Published in final edited form as: Anal Biochem. 2007 Jun 12;369(2):241–247. doi: 10.1016/j.ab.2007.06.010

Characterization of Vascular Endothelial Growth Factor (VEGF) Receptors on the Endothelial Cell Surface During Hypoxia Using Whole Cell Binding Arrays

Jieun Lee ¹, Daniela N Didier ², Matthew R Lockett ¹, Mark Scalf ¹, Andrew S Greene ², Michael Olivier ², Lloyd M Smith ^1,^*

PMCID: PMC2706495 NIHMSID: NIHMS30764 PMID: 17624292

Abstract

Angiogenesis plays a central role in a variety of important biological processes such as reproduction, tissue development, and wound healing, as well as being critical to tumor formation in cancer. The development of chromosomal substitution (consomic) rat strains has permitted the chromosomal localization of genetic factors critical to angiogenesis but many questions remain as to the mechanisms involved. We utilize here a novel cell capture assay to assess changes in the functional expression of Vascular Endothelial Growth Factor (VEGF) receptors on the surface of vascular endothelial cells isolated from rat strains that are normal or impaired in angiogenesis. It is shown that functional VEGF receptor expression is increased under hypoxic conditions in rat strains that exhibit normal angiogenesis, but not in a strain impaired in angiogenesis. This result implicates the disregulation of VEGF receptor expression levels on the endothelial cell surface as a key factor in impaired angiogenesis.

Introduction

Angiogenesis, the formation of new blood vessels from pre-existing vessels, plays a critical role in reproduction, tissue development, and wound healing [1]. Angiogenesis is also implicated in a variety of disorders such as ischemic heart disease, stroke, and hypertension [1–3]. There have been many efforts to explore how genetic factors contribute to the physiology of angiogenic pathways and their diseases.

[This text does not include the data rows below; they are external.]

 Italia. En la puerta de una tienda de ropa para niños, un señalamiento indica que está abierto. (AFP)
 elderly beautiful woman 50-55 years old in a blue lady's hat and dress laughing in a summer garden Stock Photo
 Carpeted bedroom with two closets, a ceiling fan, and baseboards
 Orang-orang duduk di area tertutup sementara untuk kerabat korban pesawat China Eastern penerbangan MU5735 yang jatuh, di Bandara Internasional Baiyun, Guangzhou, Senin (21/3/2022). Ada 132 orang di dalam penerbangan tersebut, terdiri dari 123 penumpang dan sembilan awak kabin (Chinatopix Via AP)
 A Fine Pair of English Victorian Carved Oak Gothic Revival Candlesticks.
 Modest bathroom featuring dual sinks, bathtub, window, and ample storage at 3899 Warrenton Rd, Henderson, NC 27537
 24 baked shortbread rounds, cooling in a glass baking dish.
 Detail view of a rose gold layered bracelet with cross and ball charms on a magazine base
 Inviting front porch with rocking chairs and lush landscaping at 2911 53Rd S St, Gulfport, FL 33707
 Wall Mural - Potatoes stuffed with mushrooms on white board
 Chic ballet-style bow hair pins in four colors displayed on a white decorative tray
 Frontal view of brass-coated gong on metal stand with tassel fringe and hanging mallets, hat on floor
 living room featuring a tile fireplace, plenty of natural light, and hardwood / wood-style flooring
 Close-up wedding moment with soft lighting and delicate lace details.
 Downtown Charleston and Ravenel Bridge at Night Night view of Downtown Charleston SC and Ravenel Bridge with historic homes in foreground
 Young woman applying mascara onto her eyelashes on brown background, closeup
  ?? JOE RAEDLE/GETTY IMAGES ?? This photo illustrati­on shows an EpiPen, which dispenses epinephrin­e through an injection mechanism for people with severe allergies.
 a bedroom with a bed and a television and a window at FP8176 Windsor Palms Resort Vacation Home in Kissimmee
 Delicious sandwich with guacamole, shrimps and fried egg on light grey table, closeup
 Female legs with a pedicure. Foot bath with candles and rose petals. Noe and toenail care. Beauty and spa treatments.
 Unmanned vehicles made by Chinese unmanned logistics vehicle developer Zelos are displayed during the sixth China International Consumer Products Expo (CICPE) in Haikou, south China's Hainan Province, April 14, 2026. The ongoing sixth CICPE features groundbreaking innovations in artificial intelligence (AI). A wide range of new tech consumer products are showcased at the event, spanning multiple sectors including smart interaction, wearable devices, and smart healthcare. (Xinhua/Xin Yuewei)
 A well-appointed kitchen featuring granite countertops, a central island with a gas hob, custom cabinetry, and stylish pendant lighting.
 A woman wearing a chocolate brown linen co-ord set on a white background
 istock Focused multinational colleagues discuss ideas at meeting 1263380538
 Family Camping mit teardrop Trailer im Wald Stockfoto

Specifically, consomic rats generated from chromosome substitution enable the identification of regions of the genome responsible for angiogenic traits and their diseases without the effects of heterogeneous genomic backgrounds in which phenotypic noise may make detection difficult [4, 5]. In consomic rats, one chromosome at a time is substituted from a disease-resistant strain into a rat with a disease-susceptible genetic background, and the contribution of genes from each chromosome is assessed by phenotyping for the traits of interest [6, 7]. Consomic rat strains recently derived from the normotensive Brown Norway rat strain (BN/NHsdMCWi, referred to hereafter as BN) and the Dahl salt-sensitive rat strain (SS/JrHsdMCWi, referred to hereafter as SS) [8], which develops hypertension rapidly when exposed to a high-salt diet, have provided increased understanding not only of the disease of hypertension but also of the physiology of angiogenesis [9]. The SS-13^BN rat, in which chromosome 13 from a BN rat is substituted into the genetic background of the hypertensive SS rat, exhibits dramatic reductions in blood pressure compared with the SS rat, indicating that genes on chromosome 13 may be important in hypertension [10, 11]. Furthermore, the consomic SS-13^BN rat exhibits a different physiological response to an angiogenic stimulus than the SS rat. When electrical stimulation is applied to the skeletal muscles of BN, SS, and SS-13^BN rats, increased vessel density is observed in the BN and the SS-13^BN rats, but not in the SS rat, suggesting that chromosome 13 genes also play a critical role in angiogenesis [7]. In the present study the mechanism underlying these differences is investigated.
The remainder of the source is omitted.